But they have bought some product oriented companies too.. maybe they will be able to leverage off them - at present their report concedes that this has not been as easy as they anticipated.

I'm not a chartist, but its very difficult to predict any future earnings for this one with any certainty..


----------



## Gurgler (27 July 2007)

Are we about to see a move out of this recent 0.01-0.02 trading band?

AGM next Friday when they are looking to confirm the Gesaf package which is purported to get them over their financial woes.

Be interesting to see what happens in the near future.

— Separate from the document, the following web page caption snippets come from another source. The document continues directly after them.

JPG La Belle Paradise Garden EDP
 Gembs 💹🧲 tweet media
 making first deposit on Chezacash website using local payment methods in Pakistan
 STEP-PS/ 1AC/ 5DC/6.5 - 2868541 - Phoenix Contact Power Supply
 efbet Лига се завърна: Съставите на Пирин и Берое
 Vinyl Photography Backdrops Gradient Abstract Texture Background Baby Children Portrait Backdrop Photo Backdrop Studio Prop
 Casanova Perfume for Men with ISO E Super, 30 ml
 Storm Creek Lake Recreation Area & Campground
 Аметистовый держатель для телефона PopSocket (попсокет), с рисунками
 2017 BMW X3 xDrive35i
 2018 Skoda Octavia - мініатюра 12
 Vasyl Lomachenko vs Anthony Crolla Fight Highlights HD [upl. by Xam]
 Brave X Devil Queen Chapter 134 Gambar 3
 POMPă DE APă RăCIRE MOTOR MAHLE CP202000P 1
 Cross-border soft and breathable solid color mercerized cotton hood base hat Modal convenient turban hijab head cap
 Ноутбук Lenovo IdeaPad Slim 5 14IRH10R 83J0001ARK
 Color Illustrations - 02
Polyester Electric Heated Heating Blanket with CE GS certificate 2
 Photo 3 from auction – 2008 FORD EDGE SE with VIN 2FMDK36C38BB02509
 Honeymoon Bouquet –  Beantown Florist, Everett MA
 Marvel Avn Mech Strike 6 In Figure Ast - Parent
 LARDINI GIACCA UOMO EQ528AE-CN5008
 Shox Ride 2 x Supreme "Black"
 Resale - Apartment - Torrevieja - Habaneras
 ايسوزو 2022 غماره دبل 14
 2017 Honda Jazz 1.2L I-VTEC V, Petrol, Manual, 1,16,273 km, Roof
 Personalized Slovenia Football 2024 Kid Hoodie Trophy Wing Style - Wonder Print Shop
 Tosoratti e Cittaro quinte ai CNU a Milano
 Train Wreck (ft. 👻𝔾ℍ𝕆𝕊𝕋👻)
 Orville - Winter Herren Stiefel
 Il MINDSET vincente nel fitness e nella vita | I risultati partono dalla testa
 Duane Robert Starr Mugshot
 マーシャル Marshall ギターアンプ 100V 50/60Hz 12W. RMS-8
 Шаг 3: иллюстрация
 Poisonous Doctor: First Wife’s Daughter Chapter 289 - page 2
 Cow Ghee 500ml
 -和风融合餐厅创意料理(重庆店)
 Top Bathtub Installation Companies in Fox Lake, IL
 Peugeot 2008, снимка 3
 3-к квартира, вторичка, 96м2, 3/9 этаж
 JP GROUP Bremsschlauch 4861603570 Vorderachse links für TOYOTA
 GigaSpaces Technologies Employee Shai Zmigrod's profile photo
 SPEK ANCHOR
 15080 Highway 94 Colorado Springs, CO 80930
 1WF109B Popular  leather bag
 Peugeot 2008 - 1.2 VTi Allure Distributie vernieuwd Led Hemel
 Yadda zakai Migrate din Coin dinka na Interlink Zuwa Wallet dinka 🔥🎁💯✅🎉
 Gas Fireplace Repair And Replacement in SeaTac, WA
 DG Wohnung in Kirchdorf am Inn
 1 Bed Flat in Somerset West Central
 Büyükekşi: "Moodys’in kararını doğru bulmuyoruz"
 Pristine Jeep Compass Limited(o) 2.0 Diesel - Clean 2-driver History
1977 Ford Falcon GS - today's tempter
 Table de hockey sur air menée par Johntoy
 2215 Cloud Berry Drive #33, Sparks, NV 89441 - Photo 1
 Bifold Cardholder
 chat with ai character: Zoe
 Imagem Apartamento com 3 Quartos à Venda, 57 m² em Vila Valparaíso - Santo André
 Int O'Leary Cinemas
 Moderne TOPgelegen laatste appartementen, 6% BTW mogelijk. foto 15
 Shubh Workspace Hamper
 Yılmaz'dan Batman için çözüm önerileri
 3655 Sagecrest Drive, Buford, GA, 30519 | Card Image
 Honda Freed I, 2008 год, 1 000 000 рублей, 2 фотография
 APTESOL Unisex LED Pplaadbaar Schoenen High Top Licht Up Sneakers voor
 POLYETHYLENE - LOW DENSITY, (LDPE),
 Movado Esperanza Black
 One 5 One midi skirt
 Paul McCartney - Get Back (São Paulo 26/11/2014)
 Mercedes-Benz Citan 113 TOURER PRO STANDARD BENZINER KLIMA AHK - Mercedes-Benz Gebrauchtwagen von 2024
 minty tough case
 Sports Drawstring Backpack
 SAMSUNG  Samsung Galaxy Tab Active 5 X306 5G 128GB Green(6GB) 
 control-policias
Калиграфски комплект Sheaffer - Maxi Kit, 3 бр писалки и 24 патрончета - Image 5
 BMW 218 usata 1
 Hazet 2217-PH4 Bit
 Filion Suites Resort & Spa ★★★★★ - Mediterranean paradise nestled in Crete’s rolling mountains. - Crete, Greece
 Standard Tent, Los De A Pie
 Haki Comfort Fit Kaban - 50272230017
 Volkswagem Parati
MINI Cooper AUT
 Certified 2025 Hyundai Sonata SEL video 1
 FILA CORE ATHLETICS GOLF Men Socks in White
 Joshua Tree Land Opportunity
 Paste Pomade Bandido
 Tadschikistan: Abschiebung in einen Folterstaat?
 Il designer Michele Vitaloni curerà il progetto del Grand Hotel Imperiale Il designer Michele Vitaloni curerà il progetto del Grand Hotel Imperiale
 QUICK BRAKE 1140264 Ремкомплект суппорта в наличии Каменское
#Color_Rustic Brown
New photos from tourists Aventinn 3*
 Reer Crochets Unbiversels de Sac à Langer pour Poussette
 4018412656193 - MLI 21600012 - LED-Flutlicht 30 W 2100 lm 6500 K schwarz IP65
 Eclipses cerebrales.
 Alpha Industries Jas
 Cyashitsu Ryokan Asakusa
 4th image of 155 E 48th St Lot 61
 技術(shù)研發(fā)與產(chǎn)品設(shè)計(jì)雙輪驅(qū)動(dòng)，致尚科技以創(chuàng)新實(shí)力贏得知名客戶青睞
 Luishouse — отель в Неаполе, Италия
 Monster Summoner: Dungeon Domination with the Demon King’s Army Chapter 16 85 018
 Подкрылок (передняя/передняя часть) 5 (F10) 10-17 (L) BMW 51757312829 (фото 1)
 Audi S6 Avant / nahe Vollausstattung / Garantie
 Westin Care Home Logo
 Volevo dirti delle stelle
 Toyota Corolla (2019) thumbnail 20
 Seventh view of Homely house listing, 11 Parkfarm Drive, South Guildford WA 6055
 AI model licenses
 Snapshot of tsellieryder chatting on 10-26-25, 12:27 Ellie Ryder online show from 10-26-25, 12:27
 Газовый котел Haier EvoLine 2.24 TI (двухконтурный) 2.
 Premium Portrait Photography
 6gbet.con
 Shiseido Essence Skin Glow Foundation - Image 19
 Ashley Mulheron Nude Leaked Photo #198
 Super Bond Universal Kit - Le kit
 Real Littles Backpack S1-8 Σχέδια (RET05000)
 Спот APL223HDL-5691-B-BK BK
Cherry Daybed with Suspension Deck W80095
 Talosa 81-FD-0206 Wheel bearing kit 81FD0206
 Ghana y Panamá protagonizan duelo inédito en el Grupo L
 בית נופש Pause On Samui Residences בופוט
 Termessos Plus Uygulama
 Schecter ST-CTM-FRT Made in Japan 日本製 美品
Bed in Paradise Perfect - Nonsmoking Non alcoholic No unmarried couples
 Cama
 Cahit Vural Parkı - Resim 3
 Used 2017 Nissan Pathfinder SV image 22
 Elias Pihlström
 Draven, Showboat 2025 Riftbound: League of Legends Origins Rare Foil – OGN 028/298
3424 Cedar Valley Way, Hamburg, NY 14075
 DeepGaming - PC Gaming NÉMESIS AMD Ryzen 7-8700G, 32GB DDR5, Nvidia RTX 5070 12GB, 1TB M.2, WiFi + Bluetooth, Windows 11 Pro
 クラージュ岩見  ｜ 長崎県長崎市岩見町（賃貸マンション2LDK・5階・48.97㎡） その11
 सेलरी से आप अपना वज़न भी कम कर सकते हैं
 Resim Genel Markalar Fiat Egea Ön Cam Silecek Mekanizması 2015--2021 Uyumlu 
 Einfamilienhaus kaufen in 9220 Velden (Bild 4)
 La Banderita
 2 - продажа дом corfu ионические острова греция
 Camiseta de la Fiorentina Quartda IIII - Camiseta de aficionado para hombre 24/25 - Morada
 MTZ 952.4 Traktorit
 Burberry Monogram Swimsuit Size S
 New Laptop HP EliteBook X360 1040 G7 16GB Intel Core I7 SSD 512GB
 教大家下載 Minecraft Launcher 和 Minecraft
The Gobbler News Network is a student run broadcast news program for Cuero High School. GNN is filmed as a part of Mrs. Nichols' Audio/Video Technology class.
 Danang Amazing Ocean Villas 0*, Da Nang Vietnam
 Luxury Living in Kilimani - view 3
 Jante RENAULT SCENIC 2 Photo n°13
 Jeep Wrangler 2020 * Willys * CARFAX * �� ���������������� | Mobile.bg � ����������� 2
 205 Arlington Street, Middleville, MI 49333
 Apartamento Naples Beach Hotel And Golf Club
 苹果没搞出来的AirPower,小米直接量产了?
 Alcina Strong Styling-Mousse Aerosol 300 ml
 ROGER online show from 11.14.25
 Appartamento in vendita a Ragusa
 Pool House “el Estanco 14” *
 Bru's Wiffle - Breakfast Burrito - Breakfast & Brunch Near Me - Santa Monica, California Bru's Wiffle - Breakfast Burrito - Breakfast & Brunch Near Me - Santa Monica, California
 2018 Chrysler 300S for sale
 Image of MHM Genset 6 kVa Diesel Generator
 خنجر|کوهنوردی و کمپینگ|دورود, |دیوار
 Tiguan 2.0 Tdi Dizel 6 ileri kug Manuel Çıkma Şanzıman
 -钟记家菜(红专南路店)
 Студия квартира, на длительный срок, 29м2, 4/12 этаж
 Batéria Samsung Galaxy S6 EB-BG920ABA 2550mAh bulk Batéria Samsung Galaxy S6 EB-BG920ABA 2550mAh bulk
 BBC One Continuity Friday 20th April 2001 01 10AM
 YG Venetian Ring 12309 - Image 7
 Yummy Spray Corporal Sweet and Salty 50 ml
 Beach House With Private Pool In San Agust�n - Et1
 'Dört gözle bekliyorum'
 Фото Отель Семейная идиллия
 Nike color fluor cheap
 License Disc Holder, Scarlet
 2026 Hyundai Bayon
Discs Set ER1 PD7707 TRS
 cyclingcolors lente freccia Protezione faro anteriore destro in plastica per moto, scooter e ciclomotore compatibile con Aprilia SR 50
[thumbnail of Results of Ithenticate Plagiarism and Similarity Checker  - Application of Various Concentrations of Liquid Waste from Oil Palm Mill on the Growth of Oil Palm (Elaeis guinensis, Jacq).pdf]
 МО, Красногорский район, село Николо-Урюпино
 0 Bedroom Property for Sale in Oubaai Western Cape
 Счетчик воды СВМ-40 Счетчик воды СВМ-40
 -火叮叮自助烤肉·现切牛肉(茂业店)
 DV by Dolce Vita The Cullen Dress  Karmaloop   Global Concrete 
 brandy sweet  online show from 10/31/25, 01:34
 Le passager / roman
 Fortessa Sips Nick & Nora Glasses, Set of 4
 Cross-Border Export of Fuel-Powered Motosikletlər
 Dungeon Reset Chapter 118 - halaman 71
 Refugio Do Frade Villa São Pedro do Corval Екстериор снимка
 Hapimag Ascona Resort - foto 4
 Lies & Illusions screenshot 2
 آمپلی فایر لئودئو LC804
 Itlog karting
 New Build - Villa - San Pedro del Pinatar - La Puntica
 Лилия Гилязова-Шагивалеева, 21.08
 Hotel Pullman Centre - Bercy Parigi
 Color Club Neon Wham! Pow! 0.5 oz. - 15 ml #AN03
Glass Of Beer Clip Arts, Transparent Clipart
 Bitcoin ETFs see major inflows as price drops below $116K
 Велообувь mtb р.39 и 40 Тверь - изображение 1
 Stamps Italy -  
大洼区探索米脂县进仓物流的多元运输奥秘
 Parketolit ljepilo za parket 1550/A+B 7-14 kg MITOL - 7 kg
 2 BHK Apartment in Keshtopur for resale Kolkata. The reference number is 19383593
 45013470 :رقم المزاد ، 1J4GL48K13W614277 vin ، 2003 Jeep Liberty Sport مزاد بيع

Currently, watchful for an entry.

(Source: http://www.asx.com.au/asx/research/...s.jsp?searchBy=asxCode&allinfo=on&asxCode=TEE)


----------



## Gurgler (1 October 2007)

Stock is suspended ffrom official trading as Full Year accounts not lodged by 30 June 2007. Does not inspire confidence in management - as I'm sure some reminders have given in the past quarter.

BTW still trading in the same zone - 1.5-2.0 cent range.


----------



## Kalmsg (12 December 2007)

What is the latest on this one folks??


Does anyone believe it will come out of suspension with time or is this company doomed and now a lost cause.??


----------



## Kalmsg (14 January 2008)

Hi is anyone going to the annual general meeting on this one at the end of the month in Melbourne.

If u are can u keep us posted on the current situation and things happening in the future as well.


Thanks


----------